• _Instructions to follow_: A line below contains "Ilirija Resort - Hotel", and a later one contains "1095 Millstream Road, West Vancouver, BC". Repeat both, with every line between them, exactly.

(Records for this task begins)

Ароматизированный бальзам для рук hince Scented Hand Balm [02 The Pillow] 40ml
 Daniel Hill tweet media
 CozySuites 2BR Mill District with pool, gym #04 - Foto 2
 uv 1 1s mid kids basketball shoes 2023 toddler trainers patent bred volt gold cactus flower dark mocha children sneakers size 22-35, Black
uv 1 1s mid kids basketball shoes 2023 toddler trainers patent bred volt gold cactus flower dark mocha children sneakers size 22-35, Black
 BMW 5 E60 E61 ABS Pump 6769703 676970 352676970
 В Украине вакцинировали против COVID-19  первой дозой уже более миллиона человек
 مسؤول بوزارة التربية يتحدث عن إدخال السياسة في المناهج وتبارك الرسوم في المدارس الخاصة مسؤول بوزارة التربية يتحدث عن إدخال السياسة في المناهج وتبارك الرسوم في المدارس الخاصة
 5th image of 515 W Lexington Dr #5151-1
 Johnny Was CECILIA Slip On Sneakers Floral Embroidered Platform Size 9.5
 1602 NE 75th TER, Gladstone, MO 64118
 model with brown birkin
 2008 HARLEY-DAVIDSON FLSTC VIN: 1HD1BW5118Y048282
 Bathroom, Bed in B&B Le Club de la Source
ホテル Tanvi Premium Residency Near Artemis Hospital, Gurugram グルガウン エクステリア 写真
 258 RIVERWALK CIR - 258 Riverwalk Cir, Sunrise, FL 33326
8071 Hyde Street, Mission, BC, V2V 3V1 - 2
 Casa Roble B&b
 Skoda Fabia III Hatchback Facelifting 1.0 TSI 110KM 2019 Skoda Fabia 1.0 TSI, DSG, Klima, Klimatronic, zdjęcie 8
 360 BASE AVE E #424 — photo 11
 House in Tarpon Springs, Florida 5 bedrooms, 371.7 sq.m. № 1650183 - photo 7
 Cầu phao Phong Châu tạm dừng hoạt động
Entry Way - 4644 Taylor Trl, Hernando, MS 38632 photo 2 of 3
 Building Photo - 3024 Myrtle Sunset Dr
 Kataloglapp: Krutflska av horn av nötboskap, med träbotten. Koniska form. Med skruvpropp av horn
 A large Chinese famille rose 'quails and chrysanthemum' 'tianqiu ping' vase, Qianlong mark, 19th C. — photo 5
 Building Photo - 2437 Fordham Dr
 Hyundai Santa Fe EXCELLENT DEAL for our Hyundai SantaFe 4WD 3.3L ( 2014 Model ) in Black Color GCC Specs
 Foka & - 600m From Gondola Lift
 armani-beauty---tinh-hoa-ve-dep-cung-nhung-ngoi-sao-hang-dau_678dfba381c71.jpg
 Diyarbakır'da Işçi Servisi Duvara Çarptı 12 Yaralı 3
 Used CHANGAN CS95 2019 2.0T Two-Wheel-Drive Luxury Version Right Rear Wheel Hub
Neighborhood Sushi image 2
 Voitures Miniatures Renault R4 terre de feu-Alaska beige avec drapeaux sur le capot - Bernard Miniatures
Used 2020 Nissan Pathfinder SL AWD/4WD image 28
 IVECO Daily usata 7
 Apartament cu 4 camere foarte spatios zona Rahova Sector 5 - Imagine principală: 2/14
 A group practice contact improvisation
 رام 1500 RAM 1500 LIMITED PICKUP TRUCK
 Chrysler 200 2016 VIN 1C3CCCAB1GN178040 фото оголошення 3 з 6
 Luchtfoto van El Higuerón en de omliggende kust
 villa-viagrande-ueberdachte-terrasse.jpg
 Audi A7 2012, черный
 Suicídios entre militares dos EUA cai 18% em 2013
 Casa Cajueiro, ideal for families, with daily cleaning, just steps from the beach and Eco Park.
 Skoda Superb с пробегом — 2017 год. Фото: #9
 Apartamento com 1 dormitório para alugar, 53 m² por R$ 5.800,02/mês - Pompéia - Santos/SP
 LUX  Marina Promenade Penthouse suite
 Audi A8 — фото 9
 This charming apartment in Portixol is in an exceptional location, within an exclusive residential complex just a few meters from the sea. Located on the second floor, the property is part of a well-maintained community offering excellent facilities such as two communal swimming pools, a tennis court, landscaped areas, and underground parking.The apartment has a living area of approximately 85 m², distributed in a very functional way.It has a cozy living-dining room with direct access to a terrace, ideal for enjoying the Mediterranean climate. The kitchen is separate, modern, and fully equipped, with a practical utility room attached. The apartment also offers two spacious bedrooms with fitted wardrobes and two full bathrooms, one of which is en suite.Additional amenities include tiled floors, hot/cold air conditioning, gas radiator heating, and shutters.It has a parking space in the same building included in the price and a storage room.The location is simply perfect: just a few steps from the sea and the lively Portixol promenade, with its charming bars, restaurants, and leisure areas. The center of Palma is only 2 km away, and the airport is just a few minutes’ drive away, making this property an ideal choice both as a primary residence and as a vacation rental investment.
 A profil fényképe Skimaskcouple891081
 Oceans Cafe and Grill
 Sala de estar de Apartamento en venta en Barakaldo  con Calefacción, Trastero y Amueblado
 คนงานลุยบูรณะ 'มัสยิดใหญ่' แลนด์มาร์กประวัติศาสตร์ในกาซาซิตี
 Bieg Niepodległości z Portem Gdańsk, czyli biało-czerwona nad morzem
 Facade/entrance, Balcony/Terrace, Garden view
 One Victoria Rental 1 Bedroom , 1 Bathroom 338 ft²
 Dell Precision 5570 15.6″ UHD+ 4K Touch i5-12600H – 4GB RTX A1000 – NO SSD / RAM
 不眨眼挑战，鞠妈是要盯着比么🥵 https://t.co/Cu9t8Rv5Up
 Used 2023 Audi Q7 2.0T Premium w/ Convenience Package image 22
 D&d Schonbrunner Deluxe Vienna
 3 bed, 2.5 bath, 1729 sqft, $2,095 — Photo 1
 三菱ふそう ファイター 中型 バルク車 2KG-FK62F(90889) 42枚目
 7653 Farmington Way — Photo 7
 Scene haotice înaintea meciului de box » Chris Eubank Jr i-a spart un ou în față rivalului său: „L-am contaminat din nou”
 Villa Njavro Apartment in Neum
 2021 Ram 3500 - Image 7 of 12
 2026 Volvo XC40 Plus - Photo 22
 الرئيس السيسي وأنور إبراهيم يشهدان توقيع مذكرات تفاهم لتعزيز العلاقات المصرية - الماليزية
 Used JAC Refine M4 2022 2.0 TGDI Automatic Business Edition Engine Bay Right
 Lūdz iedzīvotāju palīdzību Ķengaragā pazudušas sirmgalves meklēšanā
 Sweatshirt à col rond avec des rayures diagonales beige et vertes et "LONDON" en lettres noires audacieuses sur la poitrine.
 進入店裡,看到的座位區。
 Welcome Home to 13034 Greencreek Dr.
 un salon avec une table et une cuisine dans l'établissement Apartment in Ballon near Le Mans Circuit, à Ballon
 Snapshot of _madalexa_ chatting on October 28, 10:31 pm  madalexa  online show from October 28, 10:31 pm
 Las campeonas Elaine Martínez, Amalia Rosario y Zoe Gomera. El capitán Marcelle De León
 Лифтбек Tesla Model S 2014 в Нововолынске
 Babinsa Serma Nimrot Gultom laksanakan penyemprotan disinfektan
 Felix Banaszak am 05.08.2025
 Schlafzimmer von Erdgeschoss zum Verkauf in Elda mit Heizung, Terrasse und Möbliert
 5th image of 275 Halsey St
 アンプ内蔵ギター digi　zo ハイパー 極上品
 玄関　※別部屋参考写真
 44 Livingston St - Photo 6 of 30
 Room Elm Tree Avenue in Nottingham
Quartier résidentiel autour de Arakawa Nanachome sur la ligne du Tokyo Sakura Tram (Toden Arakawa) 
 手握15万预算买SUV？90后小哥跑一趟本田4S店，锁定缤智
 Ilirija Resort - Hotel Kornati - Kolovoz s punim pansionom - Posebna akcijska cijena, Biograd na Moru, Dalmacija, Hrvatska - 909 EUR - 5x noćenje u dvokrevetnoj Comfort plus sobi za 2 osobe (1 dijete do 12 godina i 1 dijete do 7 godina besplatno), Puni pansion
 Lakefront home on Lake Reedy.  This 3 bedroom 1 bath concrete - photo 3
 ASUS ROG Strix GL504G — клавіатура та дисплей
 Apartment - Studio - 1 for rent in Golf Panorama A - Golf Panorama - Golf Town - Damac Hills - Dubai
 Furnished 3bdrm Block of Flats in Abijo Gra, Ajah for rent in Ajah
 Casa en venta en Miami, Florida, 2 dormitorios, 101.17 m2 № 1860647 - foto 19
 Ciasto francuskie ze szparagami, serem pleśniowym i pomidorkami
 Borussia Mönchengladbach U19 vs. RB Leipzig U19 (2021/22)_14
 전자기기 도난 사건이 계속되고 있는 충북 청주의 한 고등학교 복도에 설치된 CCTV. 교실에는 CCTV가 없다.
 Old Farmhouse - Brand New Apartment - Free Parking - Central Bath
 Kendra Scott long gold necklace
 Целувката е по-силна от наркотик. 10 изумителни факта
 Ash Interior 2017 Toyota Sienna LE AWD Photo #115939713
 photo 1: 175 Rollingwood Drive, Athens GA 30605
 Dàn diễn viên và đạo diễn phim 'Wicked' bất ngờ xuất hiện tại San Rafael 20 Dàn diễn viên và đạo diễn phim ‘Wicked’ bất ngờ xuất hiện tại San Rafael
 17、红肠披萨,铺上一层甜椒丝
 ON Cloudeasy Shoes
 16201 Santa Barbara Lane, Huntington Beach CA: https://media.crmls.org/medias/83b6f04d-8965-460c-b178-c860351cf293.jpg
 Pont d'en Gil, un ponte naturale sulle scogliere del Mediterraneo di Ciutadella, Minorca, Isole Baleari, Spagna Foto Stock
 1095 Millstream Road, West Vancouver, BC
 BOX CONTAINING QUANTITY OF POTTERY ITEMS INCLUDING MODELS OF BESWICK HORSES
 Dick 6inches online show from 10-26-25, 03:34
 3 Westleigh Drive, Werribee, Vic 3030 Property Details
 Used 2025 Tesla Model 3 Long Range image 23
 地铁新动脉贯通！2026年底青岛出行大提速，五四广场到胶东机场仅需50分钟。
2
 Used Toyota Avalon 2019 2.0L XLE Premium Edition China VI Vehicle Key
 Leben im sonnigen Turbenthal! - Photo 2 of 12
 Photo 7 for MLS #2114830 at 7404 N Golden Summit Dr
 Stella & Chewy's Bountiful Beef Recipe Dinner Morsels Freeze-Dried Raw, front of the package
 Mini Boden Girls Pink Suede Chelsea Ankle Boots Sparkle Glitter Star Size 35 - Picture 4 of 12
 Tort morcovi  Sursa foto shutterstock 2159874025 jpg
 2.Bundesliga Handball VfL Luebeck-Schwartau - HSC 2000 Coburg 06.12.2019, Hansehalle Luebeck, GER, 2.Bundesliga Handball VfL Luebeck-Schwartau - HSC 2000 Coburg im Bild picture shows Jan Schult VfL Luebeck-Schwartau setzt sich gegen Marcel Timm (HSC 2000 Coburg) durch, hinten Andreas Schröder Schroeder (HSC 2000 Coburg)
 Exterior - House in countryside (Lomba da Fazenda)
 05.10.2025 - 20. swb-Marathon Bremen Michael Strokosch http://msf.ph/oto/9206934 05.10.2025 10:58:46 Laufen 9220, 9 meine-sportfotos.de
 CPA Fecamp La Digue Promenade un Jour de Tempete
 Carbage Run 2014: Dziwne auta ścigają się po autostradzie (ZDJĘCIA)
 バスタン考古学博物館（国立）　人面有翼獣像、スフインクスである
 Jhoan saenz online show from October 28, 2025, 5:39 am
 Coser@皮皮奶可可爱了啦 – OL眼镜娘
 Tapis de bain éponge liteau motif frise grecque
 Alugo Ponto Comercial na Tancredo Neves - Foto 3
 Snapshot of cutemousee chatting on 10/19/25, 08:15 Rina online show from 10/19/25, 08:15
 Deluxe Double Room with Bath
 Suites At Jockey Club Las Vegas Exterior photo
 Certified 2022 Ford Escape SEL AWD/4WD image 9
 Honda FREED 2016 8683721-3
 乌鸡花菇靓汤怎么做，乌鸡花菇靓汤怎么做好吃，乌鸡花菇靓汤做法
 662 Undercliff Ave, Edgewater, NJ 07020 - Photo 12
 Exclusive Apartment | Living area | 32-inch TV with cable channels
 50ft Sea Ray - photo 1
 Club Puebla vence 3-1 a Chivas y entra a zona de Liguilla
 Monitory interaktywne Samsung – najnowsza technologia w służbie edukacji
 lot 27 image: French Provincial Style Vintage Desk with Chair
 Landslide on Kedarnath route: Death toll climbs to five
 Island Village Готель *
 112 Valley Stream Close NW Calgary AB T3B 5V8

(Records for this task ends)

• _Answer to the exercise_:
 Ilirija Resort - Hotel Kornati - Kolovoz s punim pansionom - Posebna akcijska cijena, Biograd na Moru, Dalmacija, Hrvatska - 909 EUR - 5x noćenje u dvokrevetnoj Comfort plus sobi za 2 osobe (1 dijete do 12 godina i 1 dijete do 7 godina besplatno), Puni pansion
 Lakefront home on Lake Reedy.  This 3 bedroom 1 bath concrete - photo 3
 ASUS ROG Strix GL504G — клавіатура та дисплей
 Apartment - Studio - 1 for rent in Golf Panorama A - Golf Panorama - Golf Town - Damac Hills - Dubai
 Furnished 3bdrm Block of Flats in Abijo Gra, Ajah for rent in Ajah
 Casa en venta en Miami, Florida, 2 dormitorios, 101.17 m2 № 1860647 - foto 19
 Ciasto francuskie ze szparagami, serem pleśniowym i pomidorkami
 Borussia Mönchengladbach U19 vs. RB Leipzig U19 (2021/22)_14
 전자기기 도난 사건이 계속되고 있는 충북 청주의 한 고등학교 복도에 설치된 CCTV. 교실에는 CCTV가 없다.
 Old Farmhouse - Brand New Apartment - Free Parking - Central Bath
 Kendra Scott long gold necklace
 Целувката е по-силна от наркотик. 10 изумителни факта
 Ash Interior 2017 Toyota Sienna LE AWD Photo #115939713
 photo 1: 175 Rollingwood Drive, Athens GA 30605
 Dàn diễn viên và đạo diễn phim 'Wicked' bất ngờ xuất hiện tại San Rafael 20 Dàn diễn viên và đạo diễn phim ‘Wicked’ bất ngờ xuất hiện tại San Rafael
 17、红肠披萨,铺上一层甜椒丝
 ON Cloudeasy Shoes
 16201 Santa Barbara Lane, Huntington Beach CA: https://media.crmls.org/medias/83b6f04d-8965-460c-b178-c860351cf293.jpg
 Pont d'en Gil, un ponte naturale sulle scogliere del Mediterraneo di Ciutadella, Minorca, Isole Baleari, Spagna Foto Stock
 1095 Millstream Road, West Vancouver, BC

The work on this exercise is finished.